Saturday, March 27, 2010

Birthday delights

I love birthdays, including my own. How cool is it that we get to celebrate someone else just simply being! Today was pretty special. I feel pretty special. Both my guys made me feel pretty special. I was brought coffee this morning and chocolate last night. I received a couple of planted seeds, that I can't wait to nurture to fruit-literally (cantaloupe and pumpkin, hand picked by my favorite four year old). A day full of packing. A run of errands, a quick walk with my guys, and finally a special dinner made and cleaned up by not me.

A delicious salmon strawberry mango mmmmmmm delicioso.
From Spring 2010

And a tall tower cake, this high!! Made and designed by my favorite little man. I love you both. One of my favorite birthdays ever!
From Spring 2010

From Spring 2010

Day one of packing

Here's to boxes and chaos. But also the excitement of a new home and some wonderful family who can take some toddler items off our hands.
From Spring 2010
Occupying himself during packing chaos.

New stuff

I should remember that not everyone in the world is on Facebook. And frankly, I should not be on Facebook. But atlas I haven't been able to give it up. So let me give you all an update on what's new in this house.

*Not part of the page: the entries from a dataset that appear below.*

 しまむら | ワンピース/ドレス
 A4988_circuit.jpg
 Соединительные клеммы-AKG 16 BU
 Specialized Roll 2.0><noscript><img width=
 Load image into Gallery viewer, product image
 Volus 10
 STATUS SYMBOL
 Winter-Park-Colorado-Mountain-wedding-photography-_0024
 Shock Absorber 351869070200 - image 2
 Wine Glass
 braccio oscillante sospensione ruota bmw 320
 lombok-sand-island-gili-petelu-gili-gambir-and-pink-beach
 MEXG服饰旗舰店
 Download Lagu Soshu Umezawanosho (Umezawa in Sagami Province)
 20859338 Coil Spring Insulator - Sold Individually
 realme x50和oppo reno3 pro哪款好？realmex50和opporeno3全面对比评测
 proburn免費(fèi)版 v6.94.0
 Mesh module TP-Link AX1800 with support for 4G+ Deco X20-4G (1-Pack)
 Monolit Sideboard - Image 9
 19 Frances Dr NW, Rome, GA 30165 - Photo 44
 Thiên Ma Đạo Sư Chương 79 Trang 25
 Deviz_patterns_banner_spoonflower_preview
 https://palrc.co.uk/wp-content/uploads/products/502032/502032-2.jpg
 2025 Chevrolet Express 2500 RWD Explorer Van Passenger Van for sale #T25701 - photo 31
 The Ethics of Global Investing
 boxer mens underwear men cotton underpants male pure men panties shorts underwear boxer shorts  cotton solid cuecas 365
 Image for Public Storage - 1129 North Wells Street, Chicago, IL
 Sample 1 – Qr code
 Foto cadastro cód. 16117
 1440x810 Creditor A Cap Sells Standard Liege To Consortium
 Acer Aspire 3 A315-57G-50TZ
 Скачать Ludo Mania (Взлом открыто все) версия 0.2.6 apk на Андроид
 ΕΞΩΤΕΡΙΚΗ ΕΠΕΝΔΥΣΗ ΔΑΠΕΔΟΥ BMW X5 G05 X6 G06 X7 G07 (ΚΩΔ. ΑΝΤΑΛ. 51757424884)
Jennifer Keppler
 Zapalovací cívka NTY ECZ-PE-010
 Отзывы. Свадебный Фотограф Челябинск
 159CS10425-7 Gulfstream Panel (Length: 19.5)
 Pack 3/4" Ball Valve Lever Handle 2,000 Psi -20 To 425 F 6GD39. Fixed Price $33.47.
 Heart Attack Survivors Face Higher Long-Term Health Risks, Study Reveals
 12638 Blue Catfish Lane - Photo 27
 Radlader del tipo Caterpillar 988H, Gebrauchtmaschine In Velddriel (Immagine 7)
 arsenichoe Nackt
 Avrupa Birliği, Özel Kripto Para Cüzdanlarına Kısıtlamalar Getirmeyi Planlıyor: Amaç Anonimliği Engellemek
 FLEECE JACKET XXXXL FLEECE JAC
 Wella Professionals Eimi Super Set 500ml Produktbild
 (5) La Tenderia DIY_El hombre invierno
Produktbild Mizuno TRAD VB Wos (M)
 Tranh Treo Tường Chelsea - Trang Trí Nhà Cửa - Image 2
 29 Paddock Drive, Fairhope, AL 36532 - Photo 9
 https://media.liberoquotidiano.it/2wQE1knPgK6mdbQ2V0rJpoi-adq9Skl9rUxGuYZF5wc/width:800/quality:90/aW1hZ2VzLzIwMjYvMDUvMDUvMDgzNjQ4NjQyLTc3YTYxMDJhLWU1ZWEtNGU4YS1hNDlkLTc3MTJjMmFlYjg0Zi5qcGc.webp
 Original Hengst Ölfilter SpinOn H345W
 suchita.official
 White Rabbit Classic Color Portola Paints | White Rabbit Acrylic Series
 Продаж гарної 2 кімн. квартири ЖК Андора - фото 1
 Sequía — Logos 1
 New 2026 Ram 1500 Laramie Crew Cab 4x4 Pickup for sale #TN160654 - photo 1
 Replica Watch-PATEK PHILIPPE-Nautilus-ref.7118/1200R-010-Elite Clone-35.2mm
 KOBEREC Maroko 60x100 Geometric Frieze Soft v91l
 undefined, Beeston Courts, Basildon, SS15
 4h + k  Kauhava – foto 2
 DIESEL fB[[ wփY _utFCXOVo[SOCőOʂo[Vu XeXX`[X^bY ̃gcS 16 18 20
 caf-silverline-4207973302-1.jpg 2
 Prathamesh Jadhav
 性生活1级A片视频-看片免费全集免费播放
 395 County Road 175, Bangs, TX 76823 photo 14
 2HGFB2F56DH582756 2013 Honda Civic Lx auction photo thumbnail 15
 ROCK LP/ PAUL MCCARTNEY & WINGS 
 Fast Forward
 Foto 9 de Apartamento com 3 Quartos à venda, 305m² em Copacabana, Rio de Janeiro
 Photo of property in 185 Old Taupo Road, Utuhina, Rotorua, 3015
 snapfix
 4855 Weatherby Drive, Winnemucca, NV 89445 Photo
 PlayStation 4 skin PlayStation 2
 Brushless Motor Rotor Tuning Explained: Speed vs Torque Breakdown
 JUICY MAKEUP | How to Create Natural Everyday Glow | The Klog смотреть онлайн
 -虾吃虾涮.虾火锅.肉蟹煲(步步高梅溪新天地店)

We bought a new house. We're renting our current place, at least for the next year.
From Spring 2010

From Spring 2010

More photos at Picasa. http://picasaweb.google.com/msalsop

Secondly, Kingsley is in a language boom and his class is really taking advantage of it. He wrote with the movable alphabet "bunyrabit" and "swimglsns" among other things. That's better than Brad can do. Picture coming.

Third, it's spring and the river is super high. Probably the highest it's been since we moved here.
From Spring 2010

Friday, March 12, 2010

Procrastination, Perfection, or Writer's Block

So I haven't been posting here lately, and I notice I rarely stick with anything for too long. Is it the many ideas swimming in my head that overwhelm me so the rest of me goes running for the hills to hide. I'm not sure. I could go on and on about my inner turmoil but that's for my shrink to figure out not you all.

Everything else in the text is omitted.